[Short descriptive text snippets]

● ● ●

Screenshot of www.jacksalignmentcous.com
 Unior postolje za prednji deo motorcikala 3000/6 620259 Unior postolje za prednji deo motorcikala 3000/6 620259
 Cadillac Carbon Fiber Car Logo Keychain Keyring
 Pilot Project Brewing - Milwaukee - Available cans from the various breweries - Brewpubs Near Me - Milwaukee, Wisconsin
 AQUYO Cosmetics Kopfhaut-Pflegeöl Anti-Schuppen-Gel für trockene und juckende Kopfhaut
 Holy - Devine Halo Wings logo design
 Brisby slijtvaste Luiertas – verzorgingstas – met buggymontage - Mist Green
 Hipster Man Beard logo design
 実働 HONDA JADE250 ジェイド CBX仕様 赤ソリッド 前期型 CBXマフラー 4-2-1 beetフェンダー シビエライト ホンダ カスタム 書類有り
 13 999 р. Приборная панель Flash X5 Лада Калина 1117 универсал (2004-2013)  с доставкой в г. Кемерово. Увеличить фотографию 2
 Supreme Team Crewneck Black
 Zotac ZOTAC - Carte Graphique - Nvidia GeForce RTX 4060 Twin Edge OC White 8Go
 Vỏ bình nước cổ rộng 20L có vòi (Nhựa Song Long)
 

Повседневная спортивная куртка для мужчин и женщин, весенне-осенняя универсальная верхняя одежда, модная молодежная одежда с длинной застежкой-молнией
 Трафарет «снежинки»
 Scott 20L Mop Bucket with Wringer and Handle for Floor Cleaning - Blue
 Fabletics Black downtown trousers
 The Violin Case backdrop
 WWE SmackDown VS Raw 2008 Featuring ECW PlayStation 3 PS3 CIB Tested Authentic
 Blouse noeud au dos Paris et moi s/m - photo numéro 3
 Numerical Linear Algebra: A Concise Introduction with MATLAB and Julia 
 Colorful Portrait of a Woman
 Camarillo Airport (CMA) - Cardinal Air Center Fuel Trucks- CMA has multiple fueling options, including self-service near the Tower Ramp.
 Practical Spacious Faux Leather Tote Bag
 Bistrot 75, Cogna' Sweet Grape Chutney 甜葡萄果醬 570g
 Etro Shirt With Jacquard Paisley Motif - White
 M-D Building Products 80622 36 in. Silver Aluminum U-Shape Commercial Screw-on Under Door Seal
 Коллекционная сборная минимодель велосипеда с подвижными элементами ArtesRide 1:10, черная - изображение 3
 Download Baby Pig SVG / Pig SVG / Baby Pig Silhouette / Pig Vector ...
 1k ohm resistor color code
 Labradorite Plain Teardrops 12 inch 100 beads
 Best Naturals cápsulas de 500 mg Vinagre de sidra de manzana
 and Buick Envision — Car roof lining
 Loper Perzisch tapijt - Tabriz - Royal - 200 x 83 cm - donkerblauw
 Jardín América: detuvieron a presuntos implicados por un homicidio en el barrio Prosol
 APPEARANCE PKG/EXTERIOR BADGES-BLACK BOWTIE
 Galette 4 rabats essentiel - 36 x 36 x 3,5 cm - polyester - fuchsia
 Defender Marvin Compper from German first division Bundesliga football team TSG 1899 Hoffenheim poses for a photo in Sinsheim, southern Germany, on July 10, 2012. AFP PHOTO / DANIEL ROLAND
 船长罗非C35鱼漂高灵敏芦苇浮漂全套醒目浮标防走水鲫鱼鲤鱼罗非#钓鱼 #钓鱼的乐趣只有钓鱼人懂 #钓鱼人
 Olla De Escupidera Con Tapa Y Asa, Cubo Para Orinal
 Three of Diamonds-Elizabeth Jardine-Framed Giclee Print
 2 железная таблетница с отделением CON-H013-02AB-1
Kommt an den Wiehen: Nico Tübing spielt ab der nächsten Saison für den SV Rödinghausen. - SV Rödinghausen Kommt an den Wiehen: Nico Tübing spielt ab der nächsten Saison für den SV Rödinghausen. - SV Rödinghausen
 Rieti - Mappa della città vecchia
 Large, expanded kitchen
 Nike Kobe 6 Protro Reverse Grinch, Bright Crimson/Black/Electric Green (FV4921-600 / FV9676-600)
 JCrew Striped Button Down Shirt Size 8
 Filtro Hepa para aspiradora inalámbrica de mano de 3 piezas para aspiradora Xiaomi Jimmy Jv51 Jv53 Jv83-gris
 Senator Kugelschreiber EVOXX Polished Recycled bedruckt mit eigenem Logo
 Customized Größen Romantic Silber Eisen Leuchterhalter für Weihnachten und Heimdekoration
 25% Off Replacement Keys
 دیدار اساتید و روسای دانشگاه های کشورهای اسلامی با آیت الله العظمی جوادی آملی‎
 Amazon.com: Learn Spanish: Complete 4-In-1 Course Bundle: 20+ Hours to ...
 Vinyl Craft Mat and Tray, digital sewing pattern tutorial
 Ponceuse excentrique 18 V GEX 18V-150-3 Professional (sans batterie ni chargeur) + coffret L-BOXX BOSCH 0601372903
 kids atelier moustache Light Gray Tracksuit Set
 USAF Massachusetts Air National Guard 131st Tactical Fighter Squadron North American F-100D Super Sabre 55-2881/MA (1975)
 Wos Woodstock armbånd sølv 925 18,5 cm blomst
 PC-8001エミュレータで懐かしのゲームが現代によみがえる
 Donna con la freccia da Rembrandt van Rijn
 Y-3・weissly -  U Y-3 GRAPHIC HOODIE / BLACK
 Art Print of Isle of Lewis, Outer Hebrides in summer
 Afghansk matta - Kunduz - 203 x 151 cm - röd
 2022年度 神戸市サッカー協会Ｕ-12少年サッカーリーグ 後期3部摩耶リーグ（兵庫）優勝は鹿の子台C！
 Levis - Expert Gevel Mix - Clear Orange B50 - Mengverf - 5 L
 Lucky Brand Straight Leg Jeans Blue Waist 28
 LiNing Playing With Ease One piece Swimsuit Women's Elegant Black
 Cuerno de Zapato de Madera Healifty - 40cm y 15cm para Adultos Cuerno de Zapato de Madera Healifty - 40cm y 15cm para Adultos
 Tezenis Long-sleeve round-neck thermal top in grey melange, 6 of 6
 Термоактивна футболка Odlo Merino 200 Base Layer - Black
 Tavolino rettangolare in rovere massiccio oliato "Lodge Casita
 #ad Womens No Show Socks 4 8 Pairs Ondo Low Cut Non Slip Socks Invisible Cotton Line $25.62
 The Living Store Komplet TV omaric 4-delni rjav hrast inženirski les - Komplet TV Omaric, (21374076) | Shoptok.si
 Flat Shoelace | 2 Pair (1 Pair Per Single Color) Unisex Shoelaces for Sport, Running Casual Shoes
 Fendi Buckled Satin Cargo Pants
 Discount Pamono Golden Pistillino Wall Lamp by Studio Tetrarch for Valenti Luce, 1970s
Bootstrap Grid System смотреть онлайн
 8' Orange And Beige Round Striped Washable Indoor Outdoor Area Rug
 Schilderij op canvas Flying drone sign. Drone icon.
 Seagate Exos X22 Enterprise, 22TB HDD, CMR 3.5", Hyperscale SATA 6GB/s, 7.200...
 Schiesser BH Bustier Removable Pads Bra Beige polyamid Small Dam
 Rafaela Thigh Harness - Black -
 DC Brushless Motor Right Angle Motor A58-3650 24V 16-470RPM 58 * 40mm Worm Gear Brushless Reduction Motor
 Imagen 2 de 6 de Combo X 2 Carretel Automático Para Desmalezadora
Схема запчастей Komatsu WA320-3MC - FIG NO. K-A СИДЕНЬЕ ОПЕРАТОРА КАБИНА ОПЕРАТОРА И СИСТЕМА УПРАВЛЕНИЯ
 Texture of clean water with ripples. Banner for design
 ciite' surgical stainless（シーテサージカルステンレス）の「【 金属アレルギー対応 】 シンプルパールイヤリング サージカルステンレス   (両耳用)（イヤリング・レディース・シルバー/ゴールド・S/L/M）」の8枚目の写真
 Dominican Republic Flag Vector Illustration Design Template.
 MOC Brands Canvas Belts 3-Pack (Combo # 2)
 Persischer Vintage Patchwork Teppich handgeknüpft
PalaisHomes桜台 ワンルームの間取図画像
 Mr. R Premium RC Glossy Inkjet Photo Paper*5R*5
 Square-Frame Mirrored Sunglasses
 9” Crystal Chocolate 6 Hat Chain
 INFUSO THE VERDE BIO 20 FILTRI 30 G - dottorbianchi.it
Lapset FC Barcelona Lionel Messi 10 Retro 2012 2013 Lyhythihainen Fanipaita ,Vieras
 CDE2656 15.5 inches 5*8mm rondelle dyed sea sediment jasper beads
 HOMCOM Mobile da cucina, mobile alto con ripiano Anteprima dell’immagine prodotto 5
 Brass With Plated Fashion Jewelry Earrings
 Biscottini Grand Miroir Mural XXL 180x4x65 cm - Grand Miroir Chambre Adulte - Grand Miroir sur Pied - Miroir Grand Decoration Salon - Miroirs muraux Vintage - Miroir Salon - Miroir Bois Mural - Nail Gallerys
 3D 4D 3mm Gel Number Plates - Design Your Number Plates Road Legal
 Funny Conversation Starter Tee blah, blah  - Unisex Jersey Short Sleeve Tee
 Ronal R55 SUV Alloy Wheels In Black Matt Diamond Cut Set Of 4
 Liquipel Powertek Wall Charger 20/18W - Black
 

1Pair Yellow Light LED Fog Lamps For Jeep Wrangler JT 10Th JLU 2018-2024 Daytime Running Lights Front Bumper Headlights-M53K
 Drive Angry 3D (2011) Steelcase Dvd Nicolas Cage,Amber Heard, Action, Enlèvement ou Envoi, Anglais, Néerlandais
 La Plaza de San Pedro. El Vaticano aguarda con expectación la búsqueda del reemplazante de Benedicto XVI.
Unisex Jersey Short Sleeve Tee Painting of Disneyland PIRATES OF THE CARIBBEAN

● ● ●

Start with the first line of the data and print every line exactly. The line containing "Labradorite Plain Teardrops" is the last one to include.

Screenshot of www.jacksalignmentcous.com
 Unior postolje za prednji deo motorcikala 3000/6 620259 Unior postolje za prednji deo motorcikala 3000/6 620259
 Cadillac Carbon Fiber Car Logo Keychain Keyring
 Pilot Project Brewing - Milwaukee - Available cans from the various breweries - Brewpubs Near Me - Milwaukee, Wisconsin
 AQUYO Cosmetics Kopfhaut-Pflegeöl Anti-Schuppen-Gel für trockene und juckende Kopfhaut
 Holy - Devine Halo Wings logo design
 Brisby slijtvaste Luiertas – verzorgingstas – met buggymontage - Mist Green
 Hipster Man Beard logo design
 実働 HONDA JADE250 ジェイド CBX仕様 赤ソリッド 前期型 CBXマフラー 4-2-1 beetフェンダー シビエライト ホンダ カスタム 書類有り
 13 999 р. Приборная панель Flash X5 Лада Калина 1117 универсал (2004-2013)  с доставкой в г. Кемерово. Увеличить фотографию 2
 Supreme Team Crewneck Black
 Zotac ZOTAC - Carte Graphique - Nvidia GeForce RTX 4060 Twin Edge OC White 8Go
 Vỏ bình nước cổ rộng 20L có vòi (Nhựa Song Long)
 

Повседневная спортивная куртка для мужчин и женщин, весенне-осенняя универсальная верхняя одежда, модная молодежная одежда с длинной застежкой-молнией
 Трафарет «снежинки»
 Scott 20L Mop Bucket with Wringer and Handle for Floor Cleaning - Blue
 Fabletics Black downtown trousers
 The Violin Case backdrop
 WWE SmackDown VS Raw 2008 Featuring ECW PlayStation 3 PS3 CIB Tested Authentic
 Blouse noeud au dos Paris et moi s/m - photo numéro 3
 Numerical Linear Algebra: A Concise Introduction with MATLAB and Julia 
 Colorful Portrait of a Woman
 Camarillo Airport (CMA) - Cardinal Air Center Fuel Trucks- CMA has multiple fueling options, including self-service near the Tower Ramp.
 Practical Spacious Faux Leather Tote Bag
 Bistrot 75, Cogna' Sweet Grape Chutney 甜葡萄果醬 570g
 Etro Shirt With Jacquard Paisley Motif - White
 M-D Building Products 80622 36 in. Silver Aluminum U-Shape Commercial Screw-on Under Door Seal
 Коллекционная сборная минимодель велосипеда с подвижными элементами ArtesRide 1:10, черная - изображение 3
 Download Baby Pig SVG / Pig SVG / Baby Pig Silhouette / Pig Vector ...
 1k ohm resistor color code
 Labradorite Plain Teardrops 12 inch 100 beads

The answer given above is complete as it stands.